*Dataset entries:*
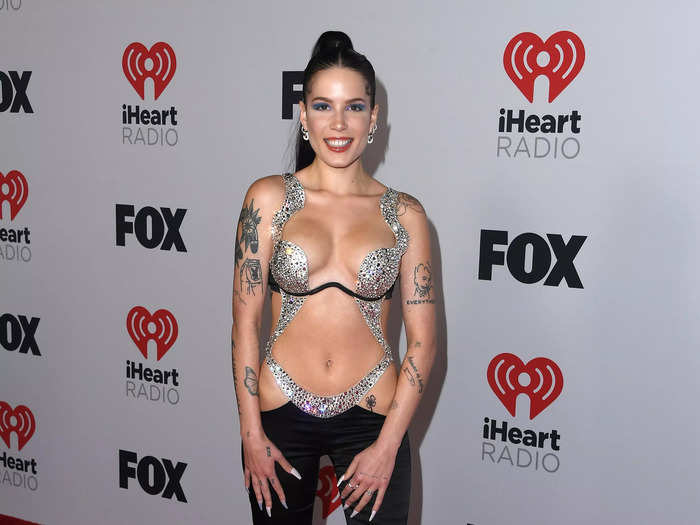 Halsey wore a daring sparkly bra that joined to the waistband of her hipster flared pants at Tuesday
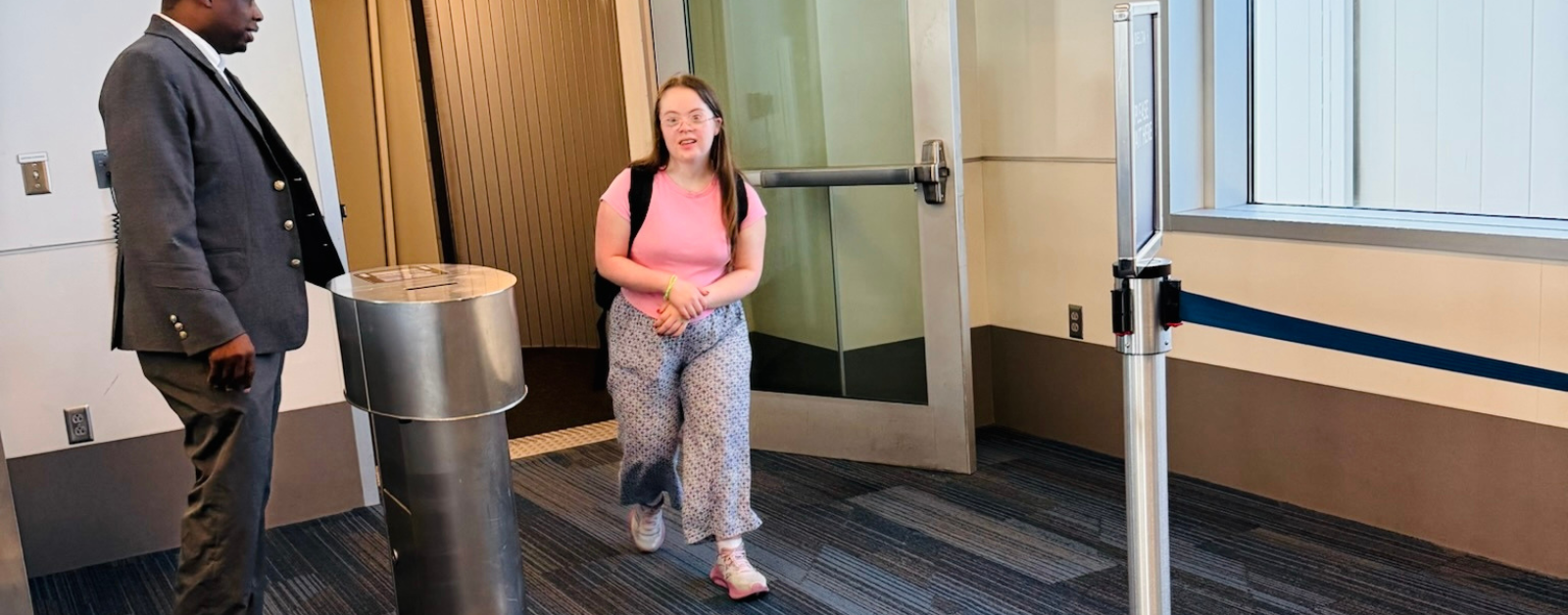 Penny, our daughter who has Down syndrome, walks out of a jet bridge after getting off a plane while a uniformed airline staff member stands nearby.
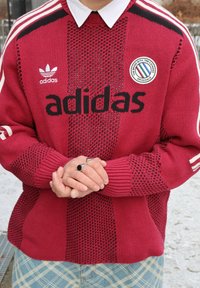 Punane kootud kampsun musta "adidas" kirjaga, valgete triipudega varrukatel ja ümmarguse logoga. Mudeli käed kannavad hõbedast sõrmust.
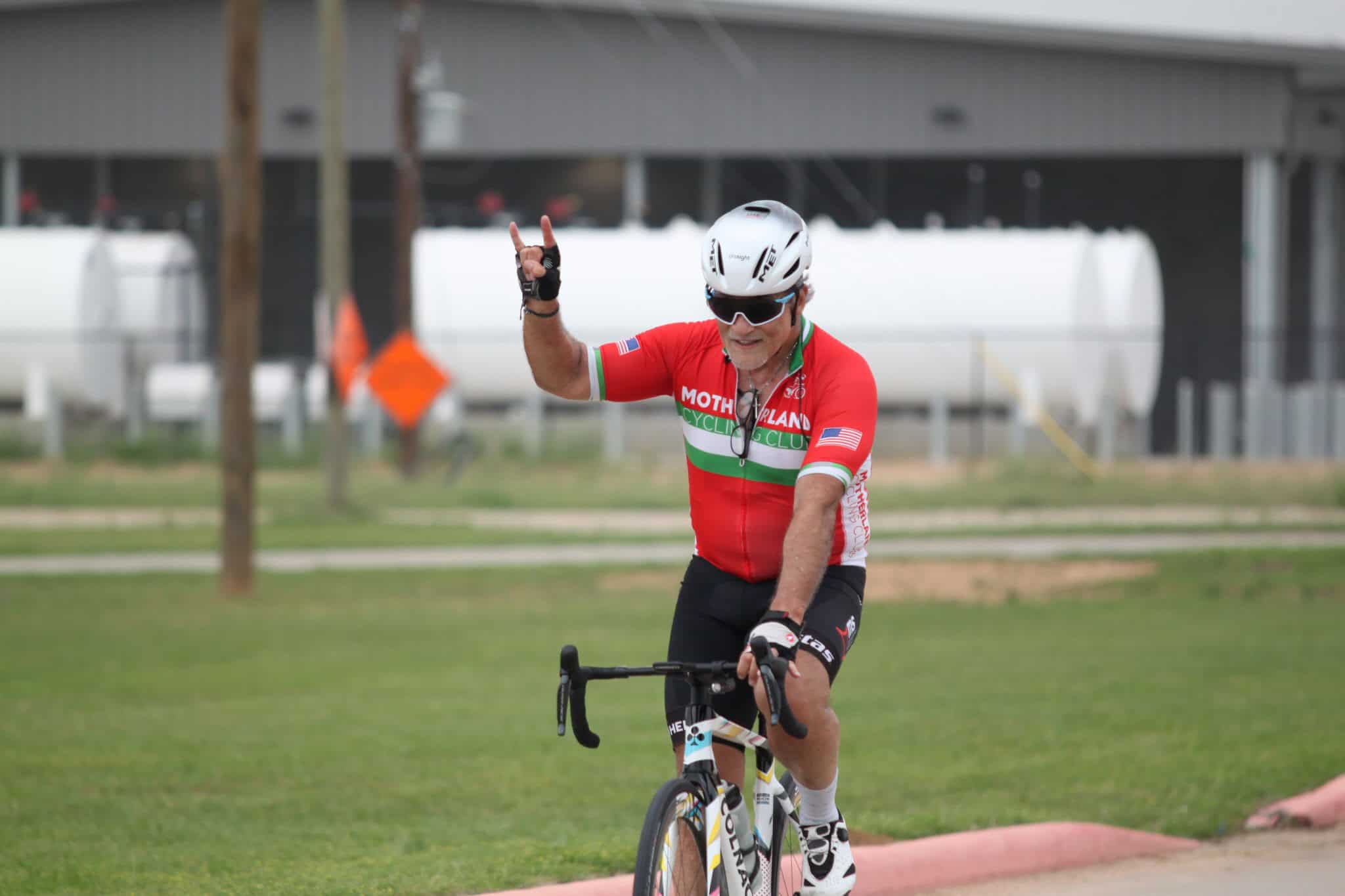 Victory cyclist celebrating during a ride at Bluebonnet Express event.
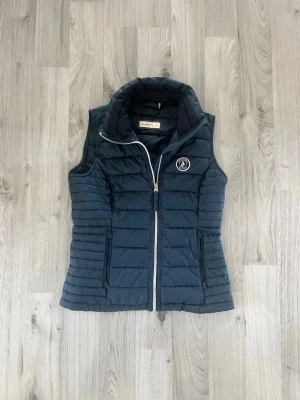 Mörkblå dunväst från abercrombie& fitch - Snygg mörkblå dunväst från abercrombie&fitch med vit dragkedja och två fickor med dragkedja. Västen har en hög krage och ett broderat märke på bröstet. Perfekt för lager på lager och ger en sportig look.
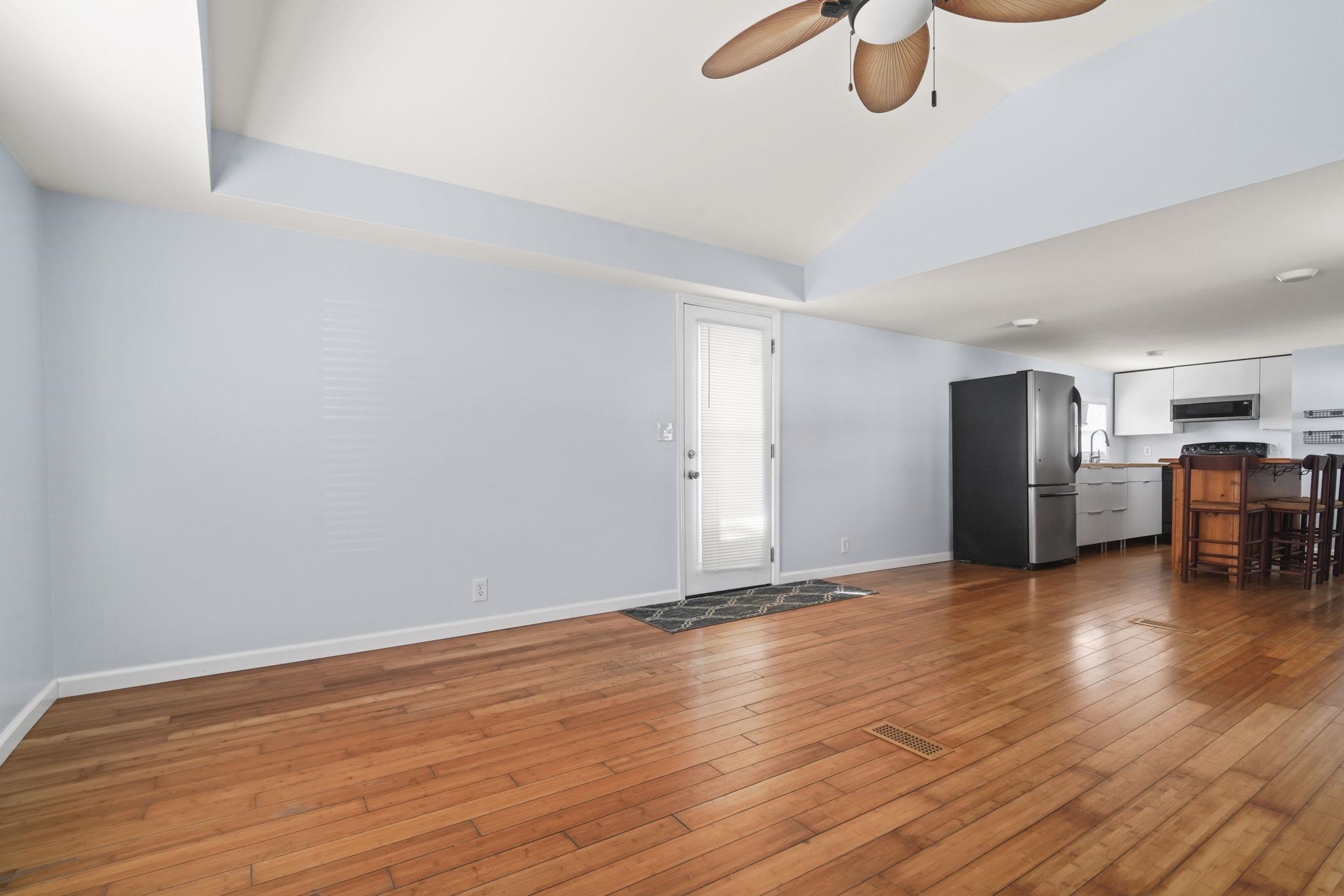 45 Shamrock Circle Murrells Inlet, SC 29576 - Photo 20 of 32 Unfurnished living room with ceiling fan, light wood-style floors, and lofted ceiling
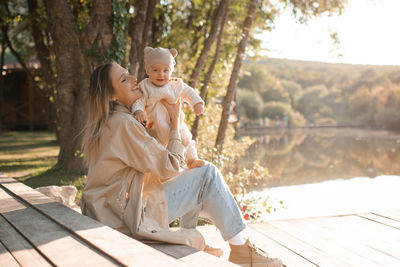 Smiling young mother playing with baby boy 1 year old wear casual clothes over nature background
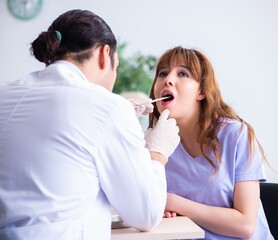 Young patient visiting doctor otolaryngologist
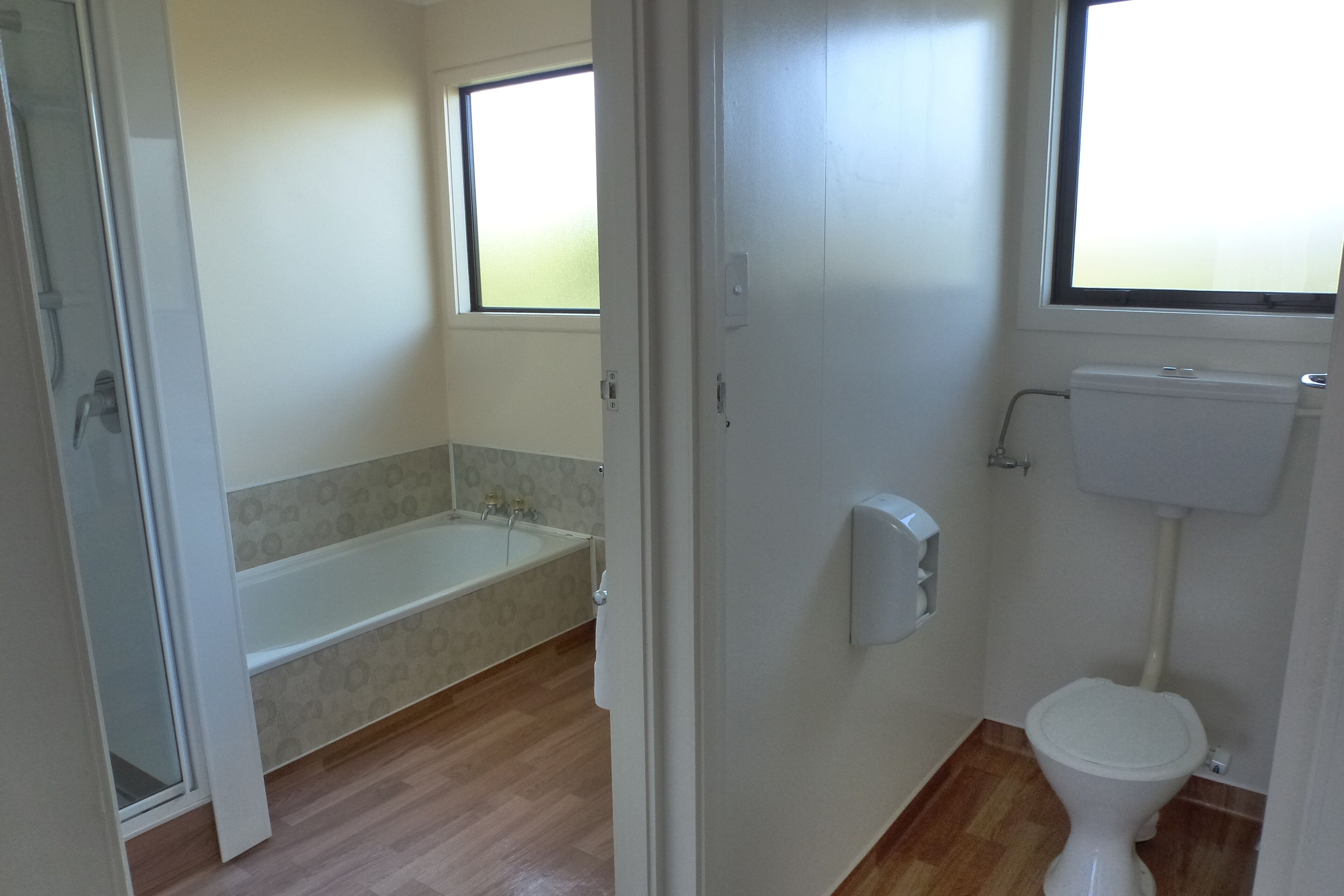 A bathroom with a toilet, a bathtub, and a window.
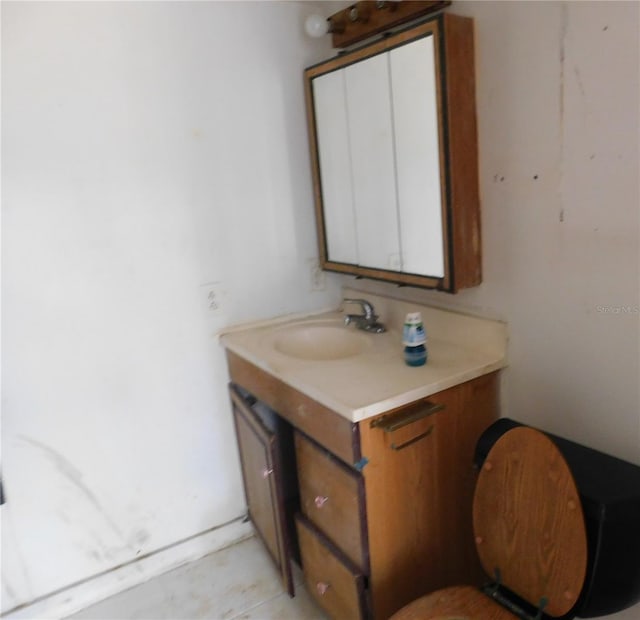 half bath featuring toilet and vanity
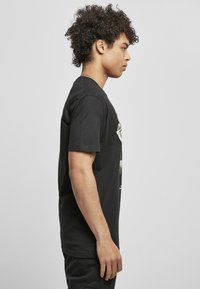 Svart bomull T-skjorte med grafisk trykk foran, kortermet og klassisk rund hals. Modellen står i profil.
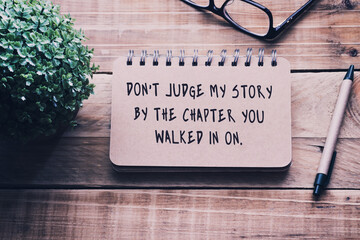 Wall Mural - Inspirational and motivational quotes on a notepad - Don't judge my story by the chapter you walked in on . Blurry retro style background.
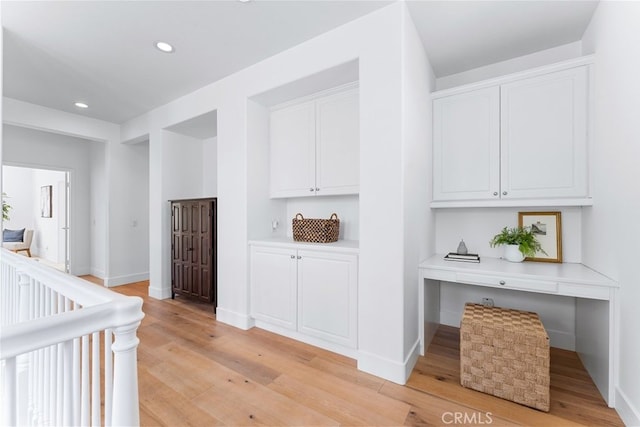 hallway with recessed lighting, light wood finished floors, and baseboards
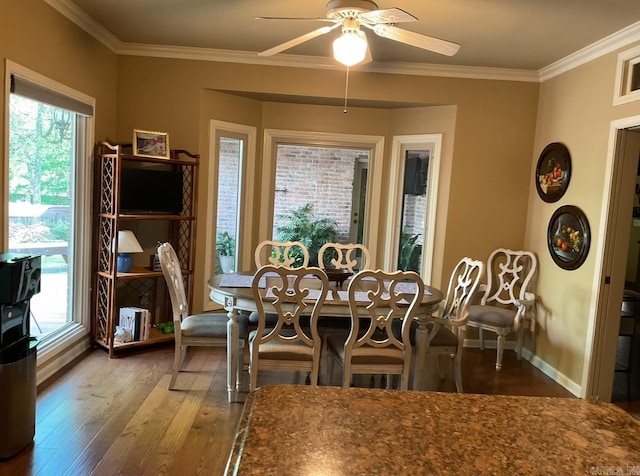 304 Quail Creek Rd, Hot Springs National Park, AR 71901 - dining space with ceiling fan, wood-type flooring, crown molding, and baseboards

*EXERCISE PROMPT:* Your output should be only the lines from the line with "45 Shamrock Circle" through the end of the data, exactly as they stand, and no pictures.

*YOUR SOLUTION:*
 45 Shamrock Circle Murrells Inlet, SC 29576 - Photo 20 of 32 Unfurnished living room with ceiling fan, light wood-style floors, and lofted ceiling
 Smiling young mother playing with baby boy 1 year old wear casual clothes over nature background
 Young patient visiting doctor otolaryngologist
 A bathroom with a toilet, a bathtub, and a window.
 half bath featuring toilet and vanity
 Svart bomull T-skjorte med grafisk trykk foran, kortermet og klassisk rund hals. Modellen står i profil.
 Wall Mural - Inspirational and motivational quotes on a notepad - Don't judge my story by the chapter you walked in on . Blurry retro style background.
 hallway with recessed lighting, light wood finished floors, and baseboards
 304 Quail Creek Rd, Hot Springs National Park, AR 71901 - dining space with ceiling fan, wood-type flooring, crown molding, and baseboards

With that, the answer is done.